The diagnosis of a blood disorder, whether aplastic anemia, leukemia or another illness, is as traumatic to the family as it is to the patient. Most of us, before our loved ones became ill, had never been in a hospital environment, much less in a hi-tech intensive care ward such as a bone marrow transplant unit.

Aplastic anemia patients are frequently admitted to a transplant unit, even when no transplant is considered, because the necessary medical expertise and facilities are available there. Some of you, especially those with leukemia patients, may have already been in a hospital setting. The bone marrow transplant unit, however, will be a more intensified experience.

This publication was designed to help parents and other family members understand and adjust to the frightening, and sometimes sudden, change from a normal family life to one in the transplant unit. We, as parents in the Aplastic Anemia Foundation of America, would like to share with you our knowledge and experiences in dealing with our loved ones' hospitalizations.
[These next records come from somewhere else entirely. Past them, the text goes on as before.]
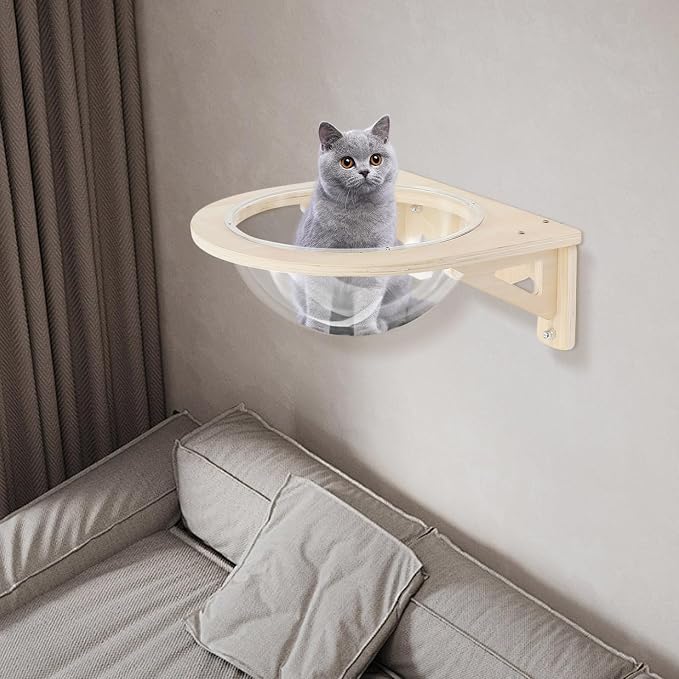 Wall-Mounted Clear Cat Bed Space Capsule - Modern Wooden Cat Wall Shelves for Indoor Cats with Strong Suction Cups, Holds Up to 16.5 lbs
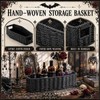 Goth Storage Basket for Bathroom Black Coffin Tray Woven Paper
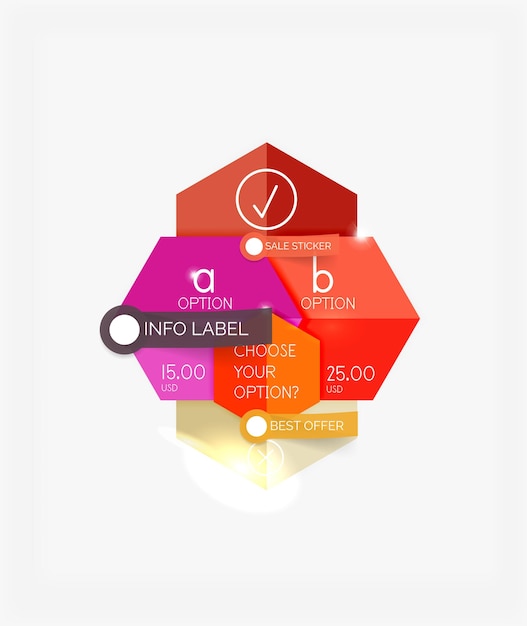 Vettore banner e adesivi infografici di carta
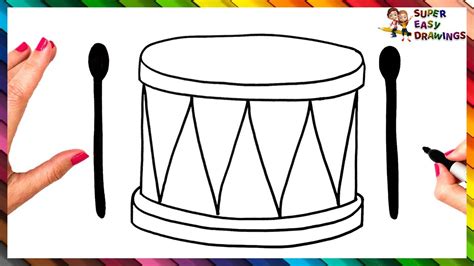 How to Draw a Drum Really Easy Drawing Tutorial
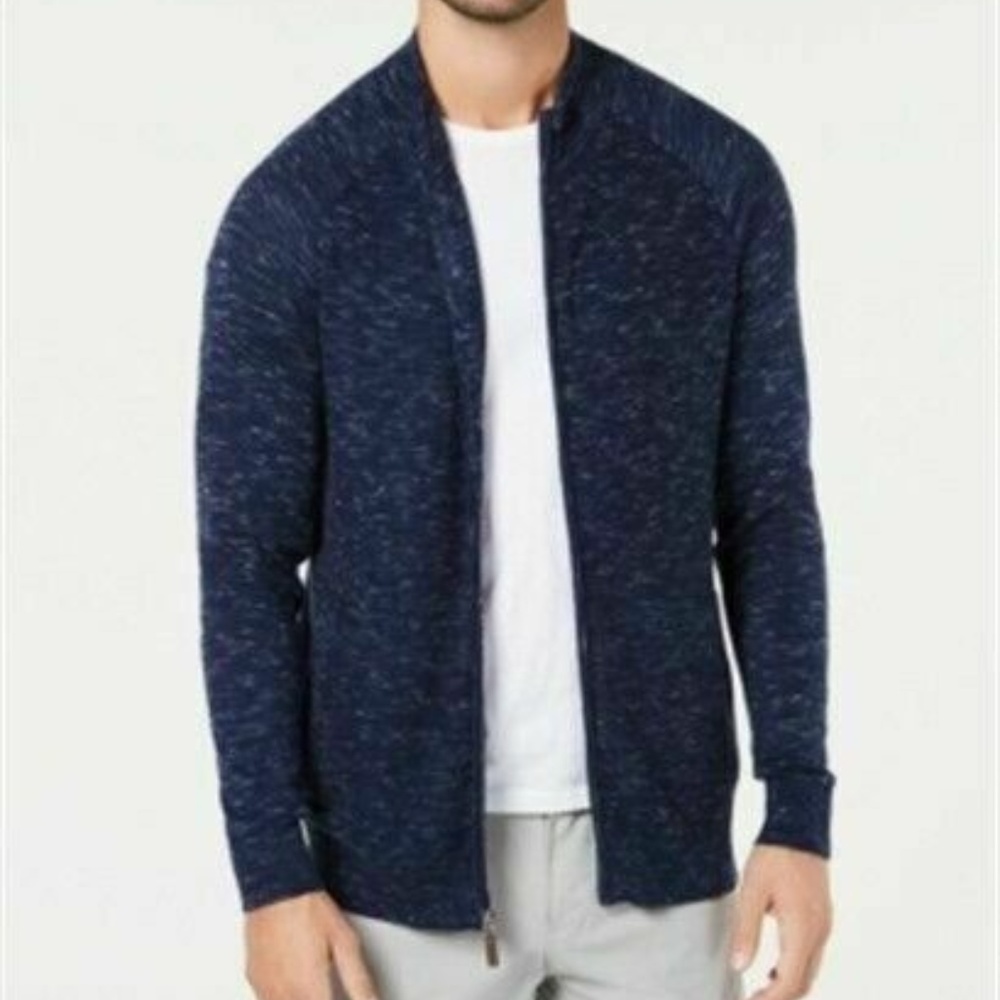Club‎ Room Textured Full-Zip Cardigan Navy Mens Sm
What you will be reading may seem overwhelming and impossible to assimilate all at once. At first you may not be able to identify with some of the information. Therefore, we suggest this booklet be considered a guideline for coping with situations if and when they arise during your hospital stay. We hope its use will make a stressful time a little easier for the entire family.

Hospital Life

It has probably been a few days or weeks since your loved one was first diagnosed, especially if he is a patient with aplastic anemia. For many leukemia patients, a bone marrow transplant may be a last chance for recovery. Many patients exhibit few "sick" symptoms. This makes the reality harder to accept. You want so much to wake up from what seems to be a very bad nightmare.
Doctors and nurses have been taking histories and asking endless questions about your life style and environment. The information being presented to you is overwhelming. You probably feel disorganized, which makes the hospital environment seem noisy and frightening. It is sometimes hard to admit how fearful you really are. You want desperately to control the situation and feel helpless because you cannot. As with any new situation, it takes time to adjust. The doctors, nurses and other hospital personnel are stranger now, but they will seem almost like family in no time at all.
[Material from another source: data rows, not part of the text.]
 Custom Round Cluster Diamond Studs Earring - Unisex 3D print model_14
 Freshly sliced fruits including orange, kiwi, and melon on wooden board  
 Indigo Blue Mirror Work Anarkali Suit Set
People react differently to crises. Your life has been acutely disrupted. There is, for most, a period of shock and disbelief. Feelings of guilt, sorrow, anger and fear of the future are common. A painful emptiness, coupled with exhaustion, makes the days seem endless. You want to care for and protect your loved one, yet you must surrender his care to the hospital staff. You may have the urge to mentally deny the seriousness of the disease, but you must learn to cope with the reality of the situation - for the patient's sake as well as your own.

The hospital, with its own unique life, will seem foreign at first. It is a 24-hour environment with endless noises and unusual sights and smells. It will become "home" very quickly.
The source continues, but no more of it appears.